It seems that for the Republicans, “makers” are those who make money, and the real makers, such as autoworkers, are prospective takers. “Small business” includes corporations in Republican doublespeak, in which faceless entities are essentially the same as a mom and pop shop on Main Street (which is what Democrats think of when they aim to promote small business). The featured speakers at the Republican Convention embody the Republican mythos: Ann Romney, Chris Christie and the rest were all the proud inheritors of the gift of social mobility. They didn’t earn it. Their parents did.



Donald Trump’s inane campaign against the president was fueled by the same twisted logic. His Obama had been handed a free ride to Harvard. He didn’t earn his grades -– they were granted, and he was given a pass, because of his race. In fact, though, the undeserving students are legacies like Trump, who get into colleges on their parents’ coattails.



Republicans of 2012 kept shouting that America had been stolen from them, stolen from true Americans. They imagine that America is being invaded by strangers crossing our borders, abetted by a secret Muslim Manchurian president, and hordes of beggars running to government for “stuff” that the overtaxed Republicans will have to pay for. For how much longer will they be sticking to this illogic?

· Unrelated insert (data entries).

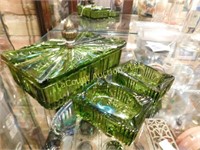 green pressed glass cigar box, w 2 ashtrays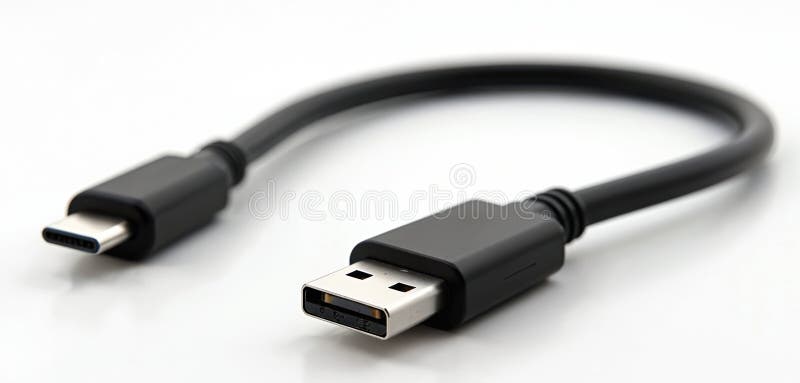Черный кабель Micro USB to TypeC изолирован на белом фоне. Техническое устройство для передачи данных. Современный стоковая фотография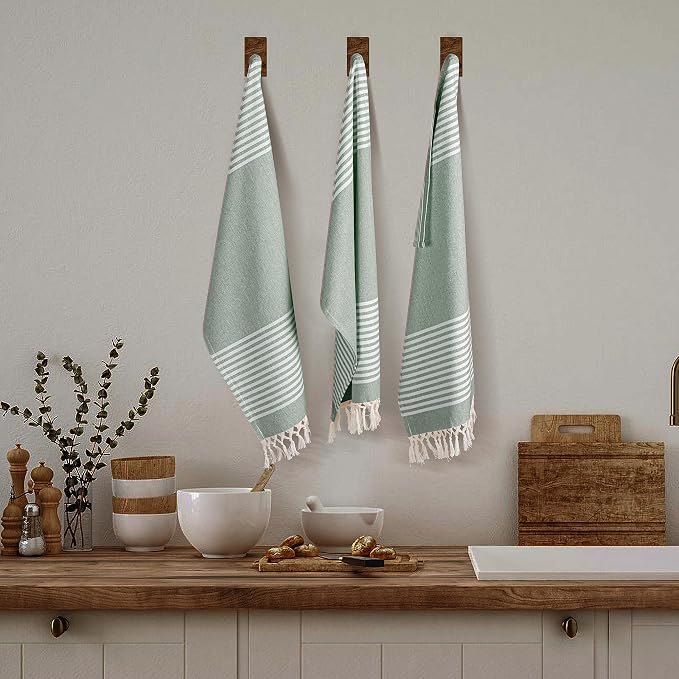 TWINY threads Set of 4 100% Cotton Turkish Kitchen Towels with Hanging Loop & Tassels (18" X 28") | Ultra Washcloth with Fringes | Reusable Hand Towels - Olive Green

In spite of his father’s dreams for him, Mitt Romney was the mouthpiece of the Tea Party coalition. He was the friend of Trump and the servant of Limbaugh. He was a commodity purchased by Sheldon Adelson, who hated him until the superior hate-monger Newt Gingrich imploded. This is the biggest irony of all. Romney himself is not and never was his own man. As a politician, he is not a symbol of self-reliance. He’s the opposite.



Here’s what the election proved: You can’t win by hating a large portion of the electorate. Those accused of being beggars and dependents actually have a voice. And ears and eyes. They could not ignore the insults and slurs delivered by each and every Republican primary contender. A majority now believes that the richest Americans should pay their fair share of taxes, because the super-rich are the real takers. Romney’s refusal to disclose more than a sliver of his tax returns was indicative of his party’s problem. The Republican candidate was a private businessman who exhibited zero interest in putting the public good before private interest, no matter how much money he was making.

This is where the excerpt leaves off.